EXERCISE - Among the entries below, find the lines with "image" and copy them.

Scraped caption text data

◆ ◆ ◆

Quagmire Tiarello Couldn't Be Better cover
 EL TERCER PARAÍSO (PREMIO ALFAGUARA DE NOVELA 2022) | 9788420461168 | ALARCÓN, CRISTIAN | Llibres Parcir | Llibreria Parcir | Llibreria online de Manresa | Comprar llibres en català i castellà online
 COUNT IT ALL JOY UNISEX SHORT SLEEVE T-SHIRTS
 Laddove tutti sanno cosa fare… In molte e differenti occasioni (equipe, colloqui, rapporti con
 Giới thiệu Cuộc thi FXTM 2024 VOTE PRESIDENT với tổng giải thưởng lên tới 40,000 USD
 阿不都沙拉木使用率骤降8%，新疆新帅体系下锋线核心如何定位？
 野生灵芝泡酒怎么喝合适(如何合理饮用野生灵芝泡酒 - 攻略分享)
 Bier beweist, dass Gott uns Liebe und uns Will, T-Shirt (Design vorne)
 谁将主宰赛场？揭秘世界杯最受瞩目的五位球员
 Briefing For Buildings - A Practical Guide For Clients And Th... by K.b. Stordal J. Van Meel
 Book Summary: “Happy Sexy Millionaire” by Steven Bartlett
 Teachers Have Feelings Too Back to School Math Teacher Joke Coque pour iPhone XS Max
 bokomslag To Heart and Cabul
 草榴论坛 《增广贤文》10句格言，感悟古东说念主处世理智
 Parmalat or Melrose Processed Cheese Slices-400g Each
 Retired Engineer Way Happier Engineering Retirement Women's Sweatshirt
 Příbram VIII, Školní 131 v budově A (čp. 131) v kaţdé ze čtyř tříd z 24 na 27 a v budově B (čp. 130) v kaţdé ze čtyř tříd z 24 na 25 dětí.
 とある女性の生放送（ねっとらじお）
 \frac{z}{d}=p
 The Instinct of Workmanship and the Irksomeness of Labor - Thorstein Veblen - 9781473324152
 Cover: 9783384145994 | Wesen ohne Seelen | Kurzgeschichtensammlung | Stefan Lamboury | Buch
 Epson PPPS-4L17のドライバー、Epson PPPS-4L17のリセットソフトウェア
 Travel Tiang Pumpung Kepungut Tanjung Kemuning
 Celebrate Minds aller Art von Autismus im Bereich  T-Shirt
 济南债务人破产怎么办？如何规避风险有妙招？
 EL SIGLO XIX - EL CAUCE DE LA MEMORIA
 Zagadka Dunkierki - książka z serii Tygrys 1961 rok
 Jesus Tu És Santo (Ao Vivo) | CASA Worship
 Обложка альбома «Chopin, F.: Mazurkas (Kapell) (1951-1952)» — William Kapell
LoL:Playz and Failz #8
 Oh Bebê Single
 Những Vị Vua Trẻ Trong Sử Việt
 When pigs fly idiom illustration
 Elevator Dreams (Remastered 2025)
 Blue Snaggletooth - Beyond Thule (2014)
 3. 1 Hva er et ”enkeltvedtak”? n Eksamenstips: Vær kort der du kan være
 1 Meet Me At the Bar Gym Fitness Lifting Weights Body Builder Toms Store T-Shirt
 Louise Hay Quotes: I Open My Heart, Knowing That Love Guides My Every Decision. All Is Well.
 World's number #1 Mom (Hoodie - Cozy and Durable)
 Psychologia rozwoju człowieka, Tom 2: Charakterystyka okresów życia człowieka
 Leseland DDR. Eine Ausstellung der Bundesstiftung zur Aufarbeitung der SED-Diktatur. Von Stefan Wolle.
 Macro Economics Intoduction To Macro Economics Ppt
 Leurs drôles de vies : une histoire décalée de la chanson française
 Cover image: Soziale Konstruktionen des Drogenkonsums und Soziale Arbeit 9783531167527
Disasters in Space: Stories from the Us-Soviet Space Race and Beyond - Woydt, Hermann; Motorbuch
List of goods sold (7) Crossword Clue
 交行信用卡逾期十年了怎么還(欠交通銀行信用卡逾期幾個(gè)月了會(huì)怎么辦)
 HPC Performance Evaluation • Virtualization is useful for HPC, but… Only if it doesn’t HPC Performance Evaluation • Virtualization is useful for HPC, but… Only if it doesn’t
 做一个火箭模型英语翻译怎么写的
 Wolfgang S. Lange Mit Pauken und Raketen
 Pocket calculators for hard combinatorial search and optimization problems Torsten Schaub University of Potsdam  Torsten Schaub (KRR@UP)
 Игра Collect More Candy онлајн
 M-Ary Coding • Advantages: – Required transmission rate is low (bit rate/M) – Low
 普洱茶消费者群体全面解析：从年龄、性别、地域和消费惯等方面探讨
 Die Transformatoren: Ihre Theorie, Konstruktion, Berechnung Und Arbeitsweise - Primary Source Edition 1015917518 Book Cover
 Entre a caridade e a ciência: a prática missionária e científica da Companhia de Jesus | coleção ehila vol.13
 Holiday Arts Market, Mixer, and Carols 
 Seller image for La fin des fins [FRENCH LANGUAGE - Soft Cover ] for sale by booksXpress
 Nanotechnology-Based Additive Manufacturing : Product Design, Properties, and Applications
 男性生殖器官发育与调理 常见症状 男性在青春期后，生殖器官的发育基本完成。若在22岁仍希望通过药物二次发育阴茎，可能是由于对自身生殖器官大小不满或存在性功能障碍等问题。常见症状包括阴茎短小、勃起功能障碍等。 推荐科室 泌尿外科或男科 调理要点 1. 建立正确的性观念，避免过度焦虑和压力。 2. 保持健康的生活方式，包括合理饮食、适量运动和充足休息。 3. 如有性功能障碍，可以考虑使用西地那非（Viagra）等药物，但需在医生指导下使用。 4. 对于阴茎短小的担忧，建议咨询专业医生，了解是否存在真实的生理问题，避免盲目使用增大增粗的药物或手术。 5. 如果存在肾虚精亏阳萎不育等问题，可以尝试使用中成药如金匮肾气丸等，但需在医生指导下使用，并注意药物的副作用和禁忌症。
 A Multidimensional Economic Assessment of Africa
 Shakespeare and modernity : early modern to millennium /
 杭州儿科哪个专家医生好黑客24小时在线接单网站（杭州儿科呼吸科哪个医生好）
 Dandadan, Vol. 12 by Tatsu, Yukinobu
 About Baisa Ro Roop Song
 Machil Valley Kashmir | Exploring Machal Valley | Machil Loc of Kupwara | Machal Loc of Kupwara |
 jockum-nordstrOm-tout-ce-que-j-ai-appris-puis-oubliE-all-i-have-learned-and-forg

◆ ◆ ◆

EXPECTED ANSWER -
 Cover image: Soziale Konstruktionen des Drogenkonsums und Soziale Arbeit 9783531167527
 Seller image for La fin des fins [FRENCH LANGUAGE - Soft Cover ] for sale by booksXpress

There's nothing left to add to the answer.